Background: Some patients infected with severe acute respiratory syndrome coronavirus 2 (SARS-CoV-2) have neurologic symptoms (1–3). Some observers propose that these symptoms are caused by viral infection of nerve cells (4), but the possibility exists that these symptoms might be produced by autoimmune mechanisms (1–4). Myasthenia gravis is an autoimmune disease in which antibodies bind to acetylcholine receptors (AChRs) or to functionally related molecules in the postsynaptic membrane at the neuromuscular junction (5).
Objective: To describe 3 patients without previous neurologic or autoimmune disorders who were diagnosed with myasthenia gravis after the onset of coronavirus disease 2019 (COVID-19).
Case Report: Patient 1 was a 64-year-old man who had fever as high as 39 °C for 4 days. Five days after fever onset, he developed diplopia and muscular fatigability. Although his chest radiograph was normal, nasopharyngeal swab and real-time reverse transcriptase polymerase chain reaction (RT-PCR) testing for COVID-19 showed a positive result. We suspected myasthenia gravis because of his symptoms. His neurologic examination was unremarkable. Computed tomography (CT) of the thorax excluded thymoma. Repetitive stimulation of the facial nerve showed a 57% decrement, confirming involvement of the postsynaptic neuromuscular junction, and the concentration of AChR antibodies in his serum was elevated (22.8 pmol/L; normal value, <0.4 pmol/L). We administered pyridostigmine bromide and prednisone, and the patient had a response typical for someone with myasthenia gravis.

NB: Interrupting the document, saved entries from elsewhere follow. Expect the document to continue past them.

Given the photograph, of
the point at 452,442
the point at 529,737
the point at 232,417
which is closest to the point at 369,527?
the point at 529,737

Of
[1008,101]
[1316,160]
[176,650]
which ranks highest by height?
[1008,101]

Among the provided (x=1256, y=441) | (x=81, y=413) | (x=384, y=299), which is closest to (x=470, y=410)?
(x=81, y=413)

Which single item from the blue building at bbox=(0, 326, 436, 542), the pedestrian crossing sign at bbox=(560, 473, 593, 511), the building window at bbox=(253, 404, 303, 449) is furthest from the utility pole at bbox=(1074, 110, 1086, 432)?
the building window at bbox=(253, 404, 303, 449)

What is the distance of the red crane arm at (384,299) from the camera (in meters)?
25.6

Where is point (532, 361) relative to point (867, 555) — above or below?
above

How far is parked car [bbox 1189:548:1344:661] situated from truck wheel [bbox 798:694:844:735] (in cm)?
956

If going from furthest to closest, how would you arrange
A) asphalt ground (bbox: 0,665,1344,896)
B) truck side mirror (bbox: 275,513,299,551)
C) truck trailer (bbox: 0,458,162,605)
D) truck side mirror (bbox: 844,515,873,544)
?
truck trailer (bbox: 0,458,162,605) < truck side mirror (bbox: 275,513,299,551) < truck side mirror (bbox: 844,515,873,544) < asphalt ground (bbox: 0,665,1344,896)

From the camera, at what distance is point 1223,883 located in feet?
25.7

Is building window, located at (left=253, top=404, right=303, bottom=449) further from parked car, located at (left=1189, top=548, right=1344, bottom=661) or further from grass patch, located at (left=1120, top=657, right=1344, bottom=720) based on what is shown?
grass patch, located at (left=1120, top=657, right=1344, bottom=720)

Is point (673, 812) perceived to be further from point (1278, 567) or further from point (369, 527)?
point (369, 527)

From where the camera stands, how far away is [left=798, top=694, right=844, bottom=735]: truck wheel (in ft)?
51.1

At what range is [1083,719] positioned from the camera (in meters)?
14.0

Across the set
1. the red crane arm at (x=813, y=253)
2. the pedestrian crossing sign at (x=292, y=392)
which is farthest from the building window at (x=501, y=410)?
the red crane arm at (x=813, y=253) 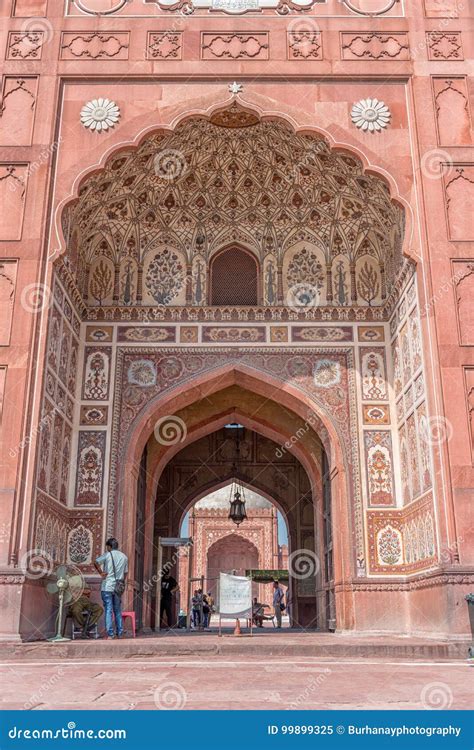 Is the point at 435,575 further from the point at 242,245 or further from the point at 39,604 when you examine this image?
the point at 242,245

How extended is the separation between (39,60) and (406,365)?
22.1 ft

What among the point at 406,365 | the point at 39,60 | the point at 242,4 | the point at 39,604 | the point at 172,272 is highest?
the point at 242,4

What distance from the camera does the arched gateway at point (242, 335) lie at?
10.5m

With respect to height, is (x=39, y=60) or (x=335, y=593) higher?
(x=39, y=60)

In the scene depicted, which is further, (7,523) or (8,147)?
(8,147)

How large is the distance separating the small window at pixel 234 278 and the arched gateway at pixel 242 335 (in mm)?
25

Patient 2 was a 68-year-old man who had fever as high as 38.8 °C for 7 days. On day 7, he developed general muscular fatigability, diplopia, and dysphagia. Although his chest CT scan was normal, nasopharyngeal swab and RT-PCR testing for COVID-19 yielded positive results. We suspected myasthenia gravis because of his symptoms. His neurologic examination was normal, and his chest CT scan excluded thymoma. Repetitive nerve stimulation showed a postsynaptic deficit of neuromuscular transmission of the facial (52%) and ulnar (21%) nerves. His serum AChR antibody level was elevated (27.6 pmol/L). He improved after 1 cycle of intravenous immunoglobulin treatment.

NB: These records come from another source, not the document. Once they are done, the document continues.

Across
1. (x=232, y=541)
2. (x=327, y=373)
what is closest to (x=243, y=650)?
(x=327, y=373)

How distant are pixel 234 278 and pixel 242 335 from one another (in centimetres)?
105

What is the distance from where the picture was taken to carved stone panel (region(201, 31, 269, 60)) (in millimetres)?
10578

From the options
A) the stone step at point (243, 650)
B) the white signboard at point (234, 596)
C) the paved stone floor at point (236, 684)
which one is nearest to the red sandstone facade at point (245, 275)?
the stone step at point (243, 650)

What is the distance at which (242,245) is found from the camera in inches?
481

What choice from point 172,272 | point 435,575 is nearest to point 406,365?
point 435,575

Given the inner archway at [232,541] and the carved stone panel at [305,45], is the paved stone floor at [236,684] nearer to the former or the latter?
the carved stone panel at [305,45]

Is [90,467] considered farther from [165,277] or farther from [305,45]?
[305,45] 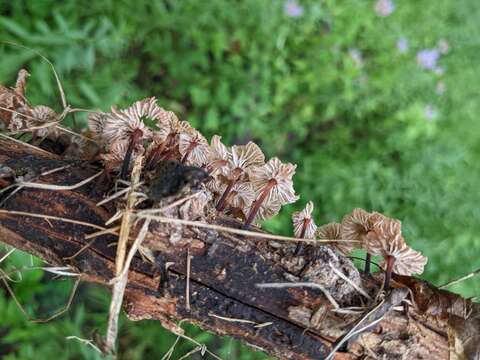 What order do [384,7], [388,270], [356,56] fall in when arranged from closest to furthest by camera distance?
[388,270] → [356,56] → [384,7]

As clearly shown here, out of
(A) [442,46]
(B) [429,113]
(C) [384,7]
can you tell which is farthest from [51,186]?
(A) [442,46]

Patient 3 was a 71-year-old woman who had a cough and fever to 38.6 °C for 6 days. Nasopharyngeal swab and RT-PCR testing for COVID-19 showed a negative result. Five days after her symptoms began, she developed bilateral ocular ptosis, diplopia, and hypophonia. Thorax CT revealed bilateral interstitial pneumonia and excluded thymoma. One day later, she developed dysphagia and respiratory failure and was transferred to the intensive care unit, where she received mechanical ventilation through a tracheostomy. Repetitive nerve stimulation showed a postsynaptic deficit of neuromuscular transmission of the ulnar nerve (56%), and her serum AChR antibody level was elevated (35.6 pmol/L). Five days later, she had a second nasopharyngeal swab test for COVID-19, and the result was positive. Plasmapheresis was started; she improved and was extubated. This patient received hydroxychloroquine the day after the onset of her first neurologic symptoms (withdrawn a day later), so we do not believe that it caused her symptoms of myasthenia gravis.
Additional information about these patients is provided in the Table.
Table. Clinical and Demographic Data of 3 Patients With Myasthenia Gravis Associated With COVID-19 Infection.
Discussion: We describe what we believe are the first 3 reported cases of AChR antibody–positive myasthenia gravis after COVID-19. These observations are consistent with reports of other infections that induce autoimmune disorders, as well as with the growing evidence of other neurologic disorders with presumed autoimmune mechanisms after COVID-19 onset (1–3). We note that symptoms of myasthenia gravis appeared within 5 to 7 days after fever onset in all 3 patients, and the time from presumed infection with SARS-CoV-2 to the beginning of myasthenia gravis symptoms is consistent with the time from infection to symptoms in other neurologic disorders triggered by infections (2, 3). Several possible explanations exist. For example, antibodies that are directed against SARS-CoV-2 proteins may cross-react with AChR subunits, because the virus has epitopes that are similar to components of the neuromuscular junction; this is known to occur in other neurologic autoimmune disorders after infection. Alternatively, COVID-19 infection may break immunologic self-tolerance.